#### Extracted entries
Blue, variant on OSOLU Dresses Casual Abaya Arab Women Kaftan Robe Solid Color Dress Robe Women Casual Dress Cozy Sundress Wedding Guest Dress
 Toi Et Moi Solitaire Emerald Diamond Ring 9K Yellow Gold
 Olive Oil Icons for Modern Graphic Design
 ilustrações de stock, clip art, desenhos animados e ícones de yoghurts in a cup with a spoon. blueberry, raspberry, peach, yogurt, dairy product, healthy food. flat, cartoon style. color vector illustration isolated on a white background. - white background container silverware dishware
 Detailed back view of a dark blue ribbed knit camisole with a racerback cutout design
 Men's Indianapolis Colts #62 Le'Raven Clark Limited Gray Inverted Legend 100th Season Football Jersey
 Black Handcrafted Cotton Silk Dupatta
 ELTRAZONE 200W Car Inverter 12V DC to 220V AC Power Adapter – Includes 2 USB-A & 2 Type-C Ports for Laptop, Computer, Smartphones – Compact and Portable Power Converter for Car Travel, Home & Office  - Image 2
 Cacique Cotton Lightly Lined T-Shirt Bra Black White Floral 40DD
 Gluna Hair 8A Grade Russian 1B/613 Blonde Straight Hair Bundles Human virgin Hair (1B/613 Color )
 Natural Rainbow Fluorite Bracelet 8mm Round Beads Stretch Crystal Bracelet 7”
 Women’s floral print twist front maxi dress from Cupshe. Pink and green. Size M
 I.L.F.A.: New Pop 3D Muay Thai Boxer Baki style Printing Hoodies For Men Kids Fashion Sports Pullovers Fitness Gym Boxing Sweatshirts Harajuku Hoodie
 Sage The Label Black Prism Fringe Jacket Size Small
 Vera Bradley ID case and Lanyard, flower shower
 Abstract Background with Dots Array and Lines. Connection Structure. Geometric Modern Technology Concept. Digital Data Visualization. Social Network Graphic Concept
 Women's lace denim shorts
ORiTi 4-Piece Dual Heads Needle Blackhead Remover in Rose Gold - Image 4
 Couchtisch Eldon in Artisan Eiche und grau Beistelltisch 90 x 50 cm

#### Action item
When you reach the line containing "Natural Rainbow Fluorite" in the data above, start copying exactly, and stop after the line containing "Women’s floral print".

#### Reply to the exercise
 Natural Rainbow Fluorite Bracelet 8mm Round Beads Stretch Crystal Bracelet 7”
 Women’s floral print twist front maxi dress from Cupshe. Pink and green. Size M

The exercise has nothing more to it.